Langsam trockneten meine Tränen. Ich stützte mein Kinn auf die angezogenen Knie und betrachtete den dezent beleuchteten Grabstein. Wie wohl alles gekommen wäre, wenn meine Eltern noch am Leben gewesen wären? Vollkommen anders, da war ich mir sicher. Jedes einzelne Ereignis seit ihrem Todestag ließ sich darauf zurückführen. Ich wäre nie ins Waisenhaus gekommen, ich hätte Lilja nicht kennengelernt, sie hätte mir Alec nicht vorgestellt, ich hätte nie einer Beziehung zugesagt, bloß, weil ich meine Gedanken von Draco wegbekommen wollte, ich wäre überhaupt nie mit Draco zusammengewesen.
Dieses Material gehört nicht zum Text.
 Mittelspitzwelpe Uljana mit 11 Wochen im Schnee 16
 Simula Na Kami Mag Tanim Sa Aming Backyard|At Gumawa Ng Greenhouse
Vielleicht wäre ich dann nicht ganz so abhängig von der Aufmerksamkeit anderer. Vielleicht wäre ich ein durchgehend ehrlicher Mensch geblieben, vielleicht würde ich dann nicht jeden verletzen, der mir zu nah kommt. Die Tränen kamen wieder auf, aber diesmal war es wegen viel mehr als nur der Trennung von Alec. Das war nur der Auslöser dafür, dass alles Negative, das ich mit seiner Hilfen verdrängt hatte, auf mich einbrach. Auf einmal war ich wieder alleine mit meinen Problemen, ohne jemanden, der an meiner Seite war und mich so gut wie möglich unterstützte. Niemand, der, nur durch mein Verhalten, erkannte, dass es mir schlecht ging. Niemand, an den ich mich anlehnen konnte, wenn ich mich zu schwach für diese Welt fühlte.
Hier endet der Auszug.